María Esther González Aguilar

Pertenezco a una de las generaciones donde valores como respeto, honestidad, honradez, solidaridad y responsabilidad, entre otros, eran las normas sociales no escritas que aplicaban en actividades individuales, colectivas y comunitarias; en privado y en público, que desde luego, eran trasmitidas de padres a hijos y reforzadas en la aulas. La conducta era de respeto a personas, patrimonios, instituciones o autoridades. La palabra empeñada tenía tanto valor que no tenía valor, la confianza era/es bidireccional.
Aún recuerdo a mi Padre, comerciante, entregar mercancía a personas sin cobrar de inmediato; a mi familia, recibir productos del tendero de la esquina. Sólo era la palabra y acordar el pago en un futuro mediato, era simple: en un cuaderno se colocaba el nombre, por lo general del proveedor de la familia y la cantidad a pagar, la deuda se cubría en el plazo pactado y sin mayores complicaciones. Claro que fui testigo de situaciones incómodas y distanciamientos por no cumplir, pocas veces pasó a mayores, no había necesidad de que interviniera autoridad alguna, la confianza era mutua.

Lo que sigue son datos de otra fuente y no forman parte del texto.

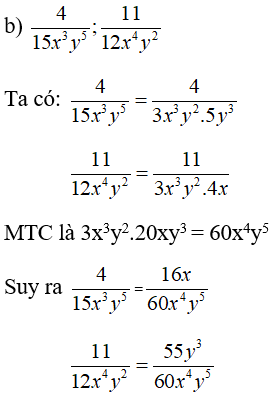 Giải Toán 8 VNEN Bài 4: Quy đồng mẫu thức nhiều phân thức | Giải bài tập Toán 8 VNEN hay nhất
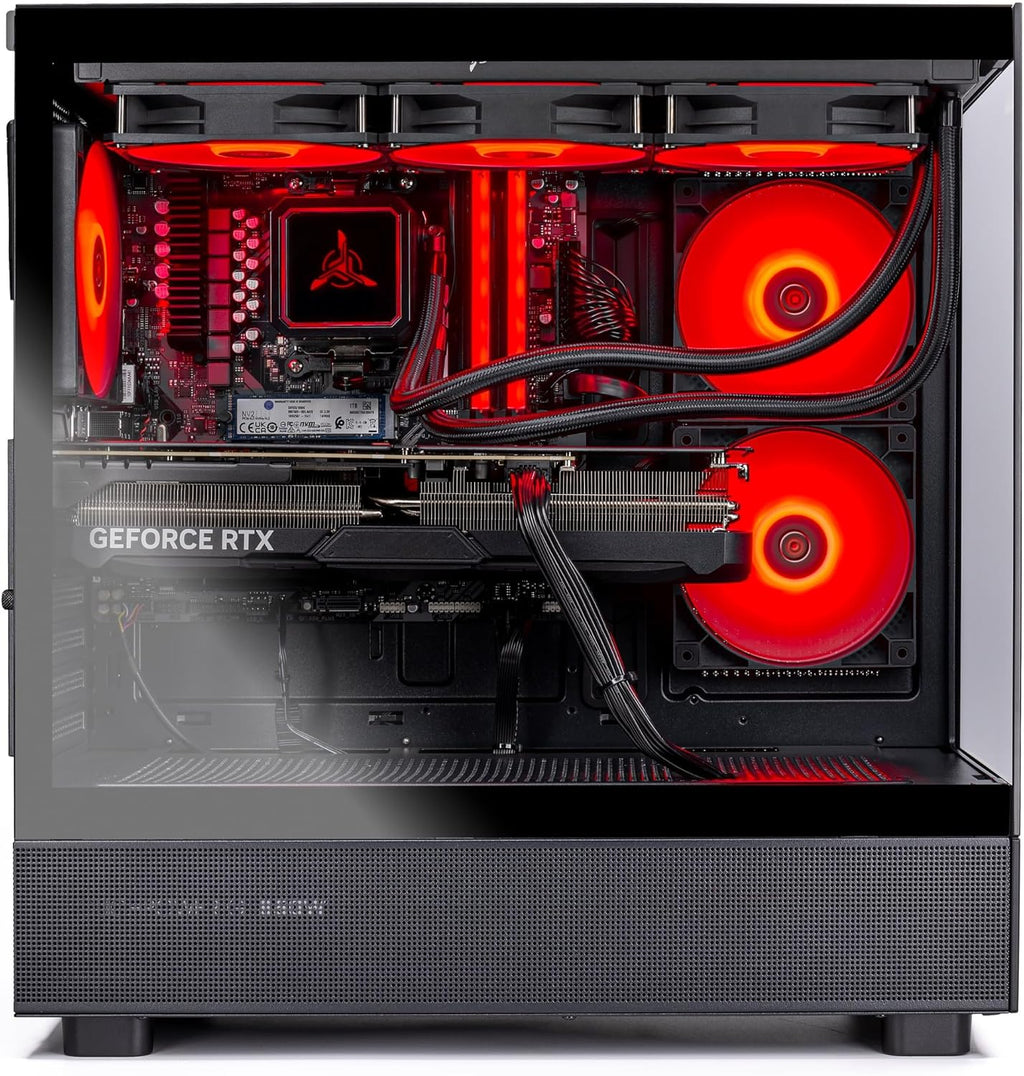 Skytech Gaming Azure 3 Gaming PC, AMD Ryzen 7 7800X3D 4.2GHz, NVIDIA RTX 5060 Ti 16GB VRAM, 1TB Gen4 NVMe SSD, 32GB DDR5 RAM 6000, 850W Gold ATX 3 PSU, 360 ARGB AIO, WI-FI 5, Windows 11, Desktop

Durante mi niñez, era común que desde temprano, las puertas de las casas permanecían abiertas, es más, me atrevo a afirmar que ni llave o candado utilizaban y no se presentaban actos ilegales. Se daban casos como, buscando a mi vecinas, llegaba a sus viviendas y sin más, entraba preguntando por ellas, muchas veces las casas estaban vacias, pocas veces conocí que se extraviara algo, prevalecía la confianza social.
En el barrio nos conociamos unos y otros, no todos eran amigos pero cuando menos sabíamos que era amistad o pariente de algún vecino. Todos los días recorría la misma ruta de ida y vuelta a la escuela, pocas veces sola y si por alguna razón se nos hacía tarde, mi Madre al igual que otras mamás, preguntaban sin rubor alguno si nos habían visto y no faltaba quien indicaba “acaban de pasar por aquí, van juntas, las ví jugando, iban Mayte, Lety, Tita, Lupita y Bety” Nos cuidabamos unos a otros, desde luego con los riesgos de “pueblo chico, infierno grande”.
Con frecuencia, mi Abuela me pedía llevara un plato de comida recién elaborada a alguna vecina. Llegaba a casa indicada, recorría con mis ojos la estancia y mi pensamiento era ¿por qué me piden que traiga comida, si no tiene necesidad? No entendía que no era si tenía o no para comer, el mensaje de fondo “te comparto mi alimento”. Eran relaciones de solidaridad y de compartir comunitario.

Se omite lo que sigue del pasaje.